Program creates new category of immigrants

Posted by admin on Aug 13th, 2008

Arielle Godbout. Canwest News Service. Wednesday, August 13, 2008

The federal government is creating a new program aimed at helping foreign students and other temporary residents working in Canada become permanent residents, Immigration Minister Diane Finley announced Tuesday. The program would create a new category of immigrants, to be called the Canadian Experience Class, through which up to 25,000 foreign workers and graduates from Canadian colleges or universities could gain permanent residency on the basis of their work experience.

The government hopes the program, which would come into effect in October, would help keep immigrants in Canada, while at the same time attracting new students and workers.

“Choosing newcomers based on knowledge of our labour market and experience within Canadian society would make Canada a more attractive destination for skilled individuals from around the world,” Finley said. “International students and skilled workers would be more likely to choose Canada if they knew their time in Canada and contribution to Canadian society would assist in their eligibility to apply to stay permanently.”

Immigration lawyer Richard Kurland said that while the proposed program would be a step in the right direction, it wouldn’t be a radical departure from the system already available to temporary residents looking to immigrate.

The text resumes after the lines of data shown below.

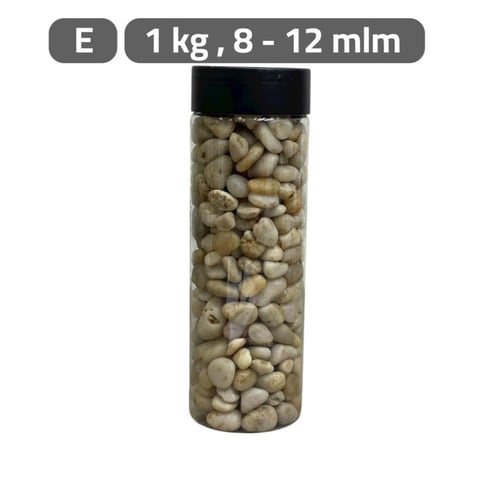 حصا اكسسوارات نباتات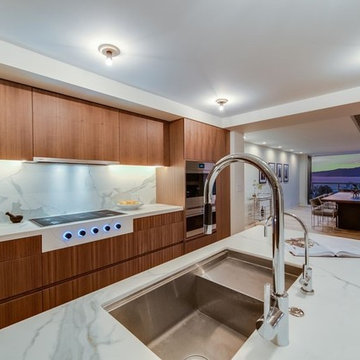 Ocean Ave LA Remodeling Kitchen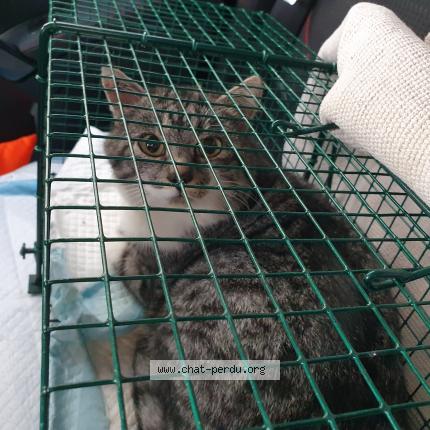 Foto 1/1 Loulou Chat perdido en Senneville sur fecamp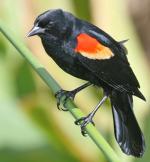 Red-winged Blackbird - Bird Species | Frinvelis jishebi | ფრინველის ჯიშები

Applicants eligible under the new program are already eligible under the point system set out under the existing Skilled Worker Program, which determines whether a foreigner is permitted to stay in Canada, Kurland said. That program weighs six factors, including education, experience and ability to speak English or French.

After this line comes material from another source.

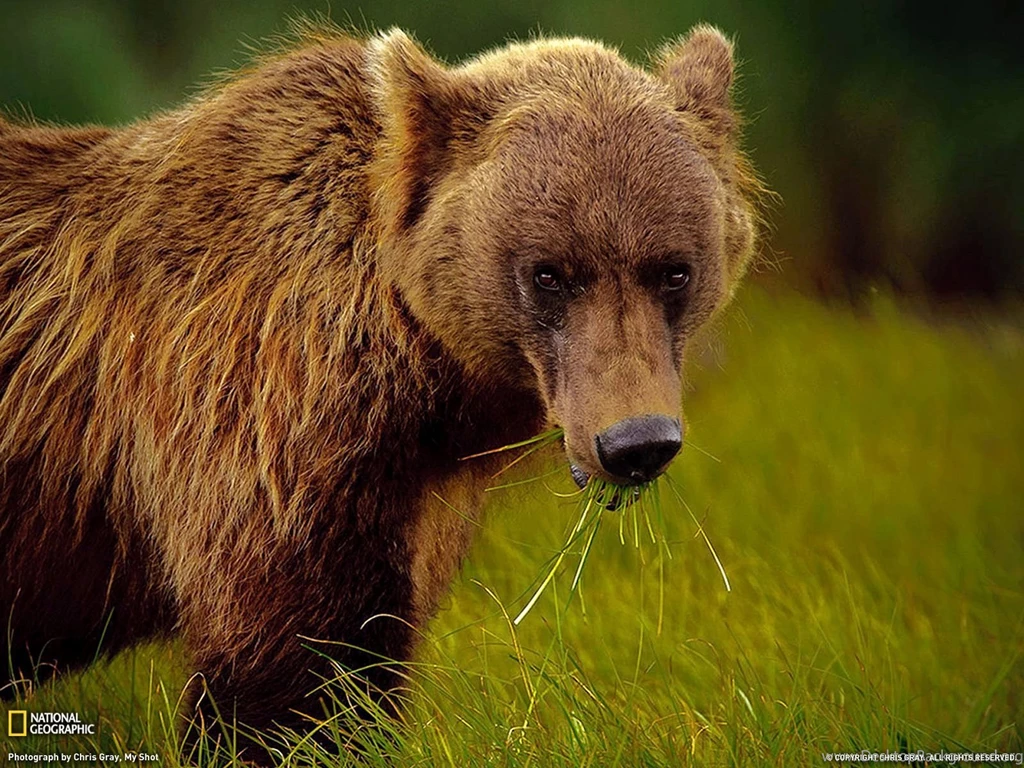 Alaskan Brown Bear Photo – Animals Wallpapers – National Geographic ...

The new category does have its benefits though, said Kurland, a Vancouver-based lawyer.

For instance, it would save applicants money by allowing them to work their way through the process without visiting a border crossing.

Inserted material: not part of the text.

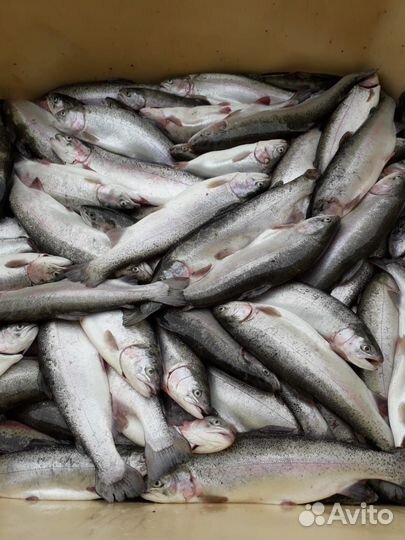 Форель живая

“You no longer have to go through the charade of driving to a border or going through an airport to become landed. You can go to the local [Citizenship and Immigration Canada] office for that,” he said.

The new program would be open to graduates of post-secondary programs lasting at least two academic years, provided they have at least one year of work experience in a managerial, professional or technical occupation or skilled trades, as well as foreign workers with at least two years of work experience. Applicants would also have at least basic or moderate language skills.

New Democrat MP Olivia Chow slammed the proposed program as discriminatory on the grounds that it would only apply to certain kinds of workers.

“Whether you have a managerial or professional kind of job, white-collar kind of jobs, or you have blue-collar jobs — construction worker, farm workers, chefs — you should have equal opportunity to stay in Canada,” said Chow, her party’s critic for immigration matters.”